GATESHEAD, United Kingdom – In an industry that moves at the pace of a child screaming downstairs on Christmas Day, Nokia designer Peter Griffith is one of the people that takes the time to focus on the details.

Peter has been with the company since 2005, and it’s his team’s role to craft designs that will turn heads. Because while features such as storage and camera size look great on comparison sites, it’s the beauty of the phone that people will fall in love with.
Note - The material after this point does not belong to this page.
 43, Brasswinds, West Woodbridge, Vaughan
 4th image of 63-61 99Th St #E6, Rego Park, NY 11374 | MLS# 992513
“We talk about reduction a lot in our work at Nokia design”, he said. “We want to take away as much of the clutter as we can. So you’ve got to be careful that you make the things you’ve got left as beautiful as possible.”

Peter Griffith

Peter was speaking to an audience at The BALTIC Centre for Contemporary Art in Gateshead as part of Nokia’s Amazing at Night event last week, staged as part of the launch of the Nokia Lumia 800 smartphone. The night also featured DJ sets from Tom Longstaff and Maximo Park’s Lukas Wooller.

Nokia has linked up with the BALTIC to bring the Turner Prize to the North East of England this year, and Peter got the chance to look around the gallery itself before his talk.

“It was good to see the exhibits in person rather than online”, he said. “One of the things that struck me is the pushing of boundaries by all of the artists in their fields. We very much believe in pushing the boundaries in our own field as well.”

“When you’re at design school learning to make things, one of the key things you learn, and I’m simplifying, is that there are two basic ways to make something. You either build it up from parts or you start with a solid and cut into it.”

He says this latter technique gives the Nokia Lumia 800 a “crispness and clarity”. When he thinks of this approach, he’s reminded of the craftwork of a watch he once picked up in a second-hand shop years ago.

“It was a beautiful 1968 Omega Seamaster, which used a similar technique of cutting into a solid. It’s an approach that’s been used many times over the years, but it’s somewhat novel for mobile phones.”

Rooted in the North East

Peter’s interest in plastics goes back to his studies, and was enhanced by an experience he had not far from this North East gallery. He studied furniture design at Nottingham Trent University before completing an MA at the Royal College of Art. There he won a bursary from the Royal Society of Arts and Formica, who invited him to their factory in North Shields, near Newcastle. He ended up putting together his degree show there, crafting with Formica while staying in nearby Whitley Bay.

“The first few nights, I would go running along the beach in the evenings worrying if I was doing the wrong thing. Work with Formica started slow, but then the interest began to build up and people started offering to help. Before long, the project was almost going faster than I could keep up with.

“I still draw on that experience now in terms of directing a team of designers.”

A partnership of engineering and design

Peter stresses that Nokia’s design process is a collaboration between designers and the engineers behind the technology, and it is this that makes the phones tick. There’s a sound lab at the London studios, for example, which looks at how the bleeps, beeps and ring tones fit into the overall user experience.

“A building is a collaboration between the structure and the beauty of the architecture. The same thing is true of what we do.

“The layout and placement of all the components isn’t just about making it work. It’s also determined by designs set down by our teams. Each component has an impact on the shape of the body and we need to keep things as tight as possible.”

Remember, this painstaking process takes place in a company that makes and sells 13 phones a second, and has a handset in the pocket of more than 1.3 billion people worldwide.

As smart design is crucial both on the high-end phones and the feature phones designed to take on the competitors, Peter is also proud of the little touches that go into the models with smaller price tags, like the Nokia Asha 200.

“We’re very pleased with this phone”, he said. “Achieving what we have with the Nokia Lumia 800 is a great thing, but we also take pride in bringing these same principles to something sold for less money. We take this approach to everything we do.”